_Records for this task_
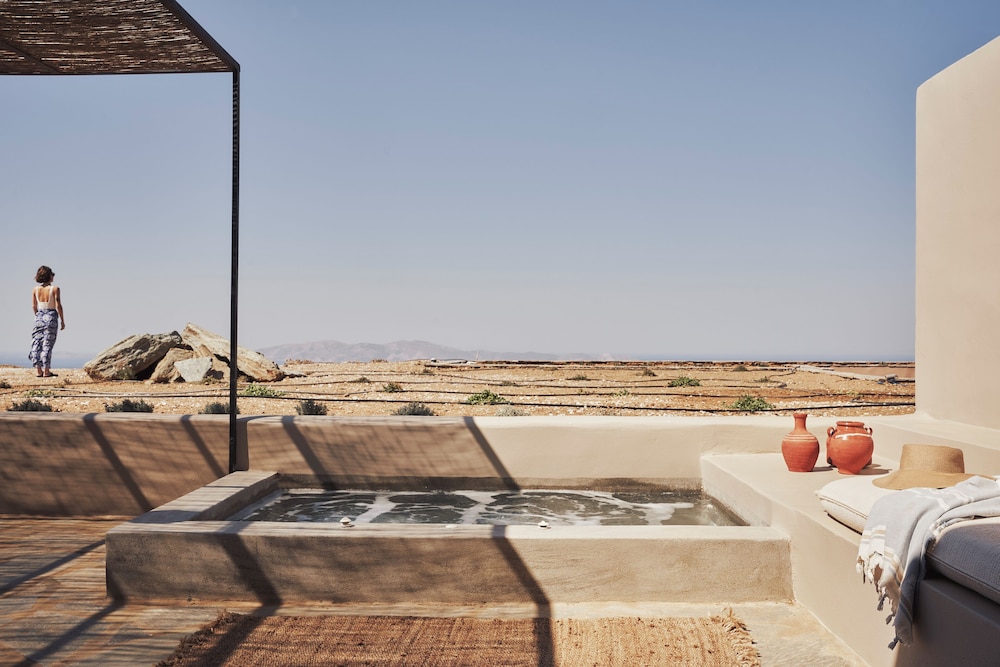 Two Bedroom Suite Mini Jetted Pool Sunset & Sea View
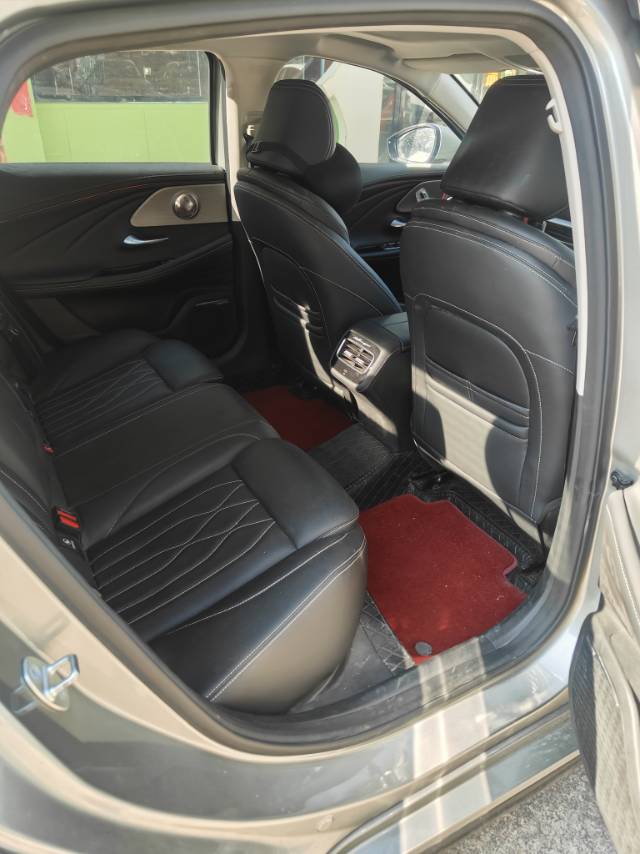 Chery Arrizo 8 2025 imagen de coche #4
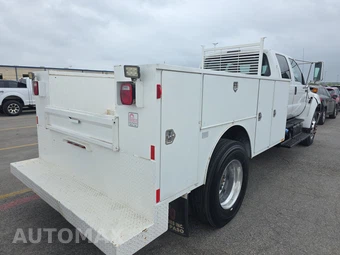 2015 Ford F-750 - miniatura 4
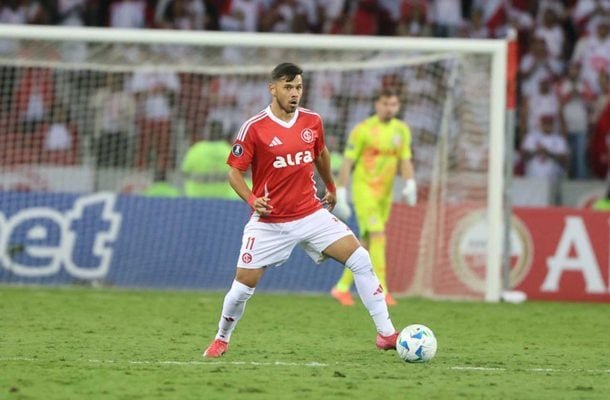 ÓSCAR ROMERO: Entrou e tentou bastante, criou chances, esteve presente nos lances, mas sem muito sucesso. NOTA: 5,5. Foto: - Divulgação / SCI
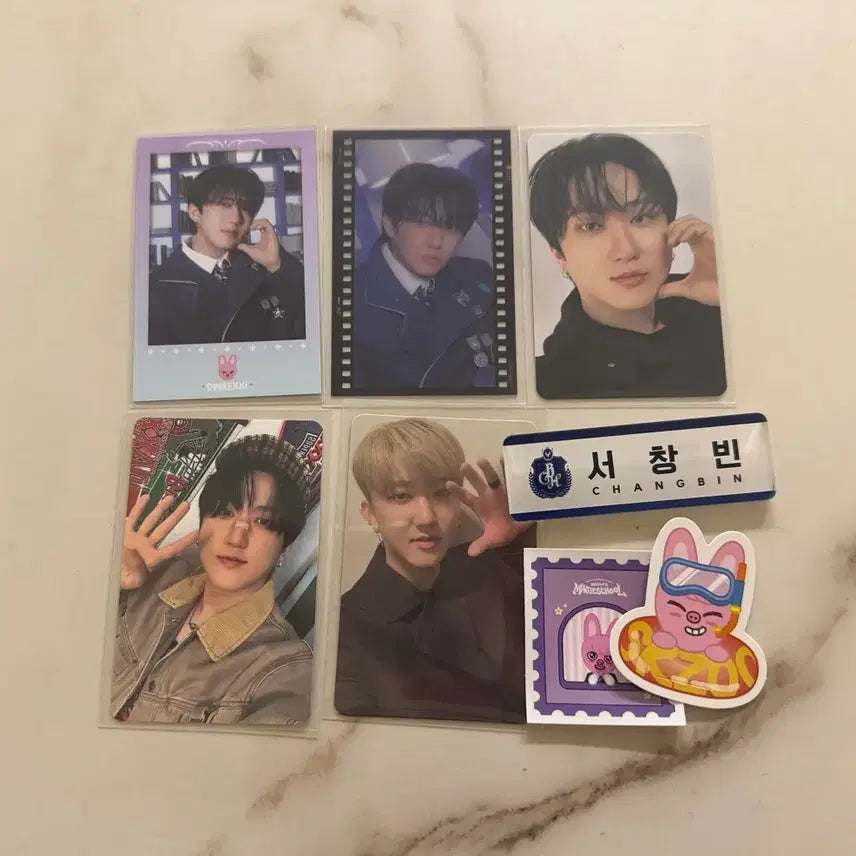 [BUNJANG] Stray Kids Changbin Bundle Set Photocard, Name Tag, and Stickers / 스트레이키즈 창빈 포토카드+명찰+스티커 일괄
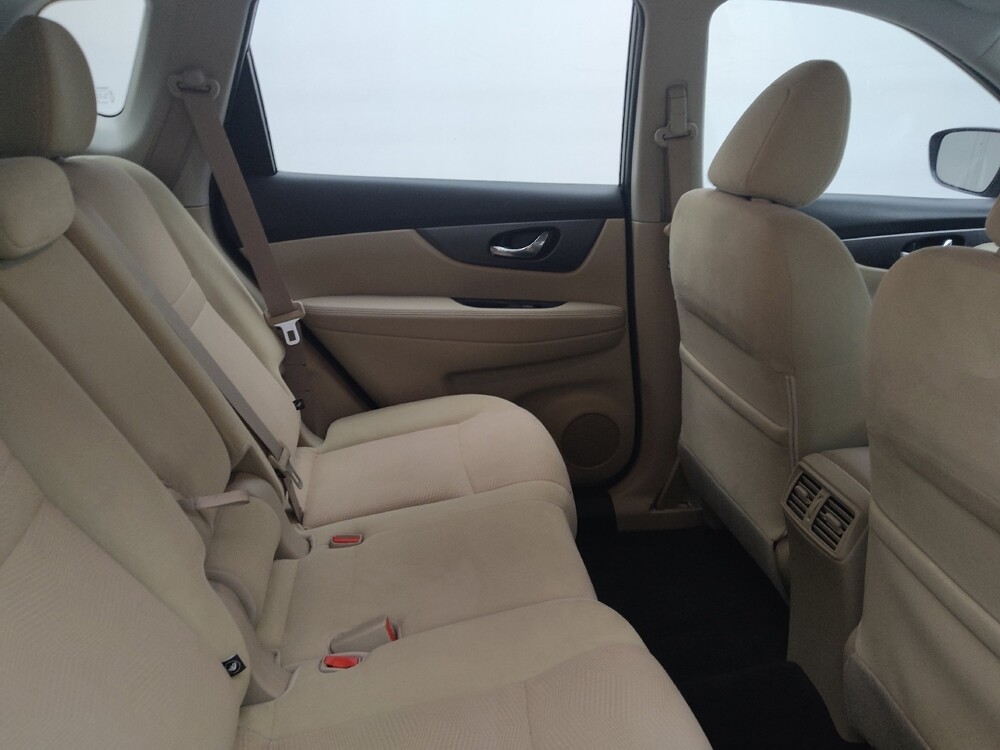 2016 Nissan Rogue in Lombard, IL 60148 - 18143772 19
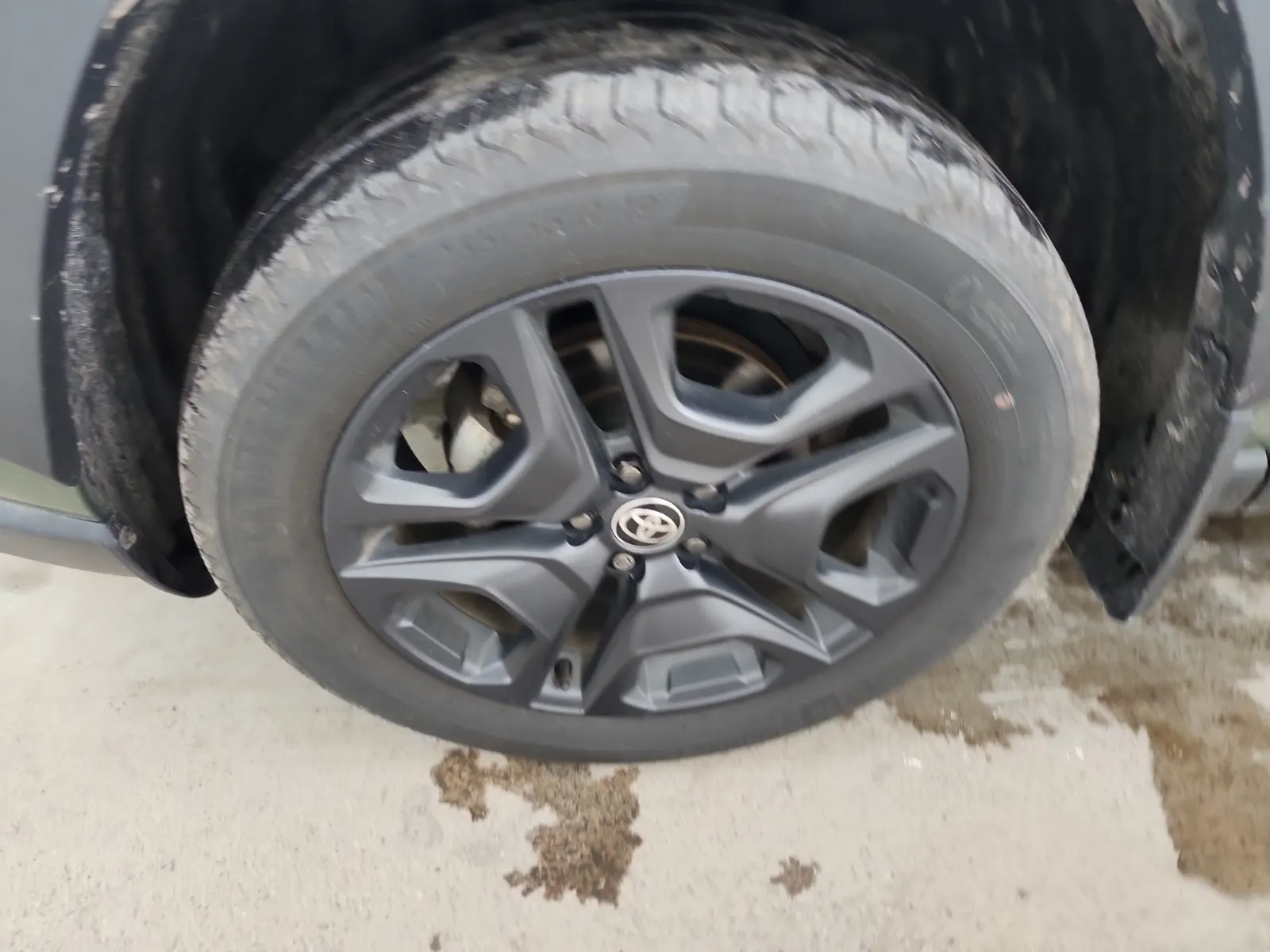 Front driver wheel/tire photo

_Problem requirements_
Starting at the line that holds "[BUNJANG] Stray Kids", reproduce each line through the last one of the listing, and nothing more; the pictures stay out.

_Final answer_
 [BUNJANG] Stray Kids Changbin Bundle Set Photocard, Name Tag, and Stickers / 스트레이키즈 창빈 포토카드+명찰+스티커 일괄
 2016 Nissan Rogue in Lombard, IL 60148 - 18143772 19
 Front driver wheel/tire photo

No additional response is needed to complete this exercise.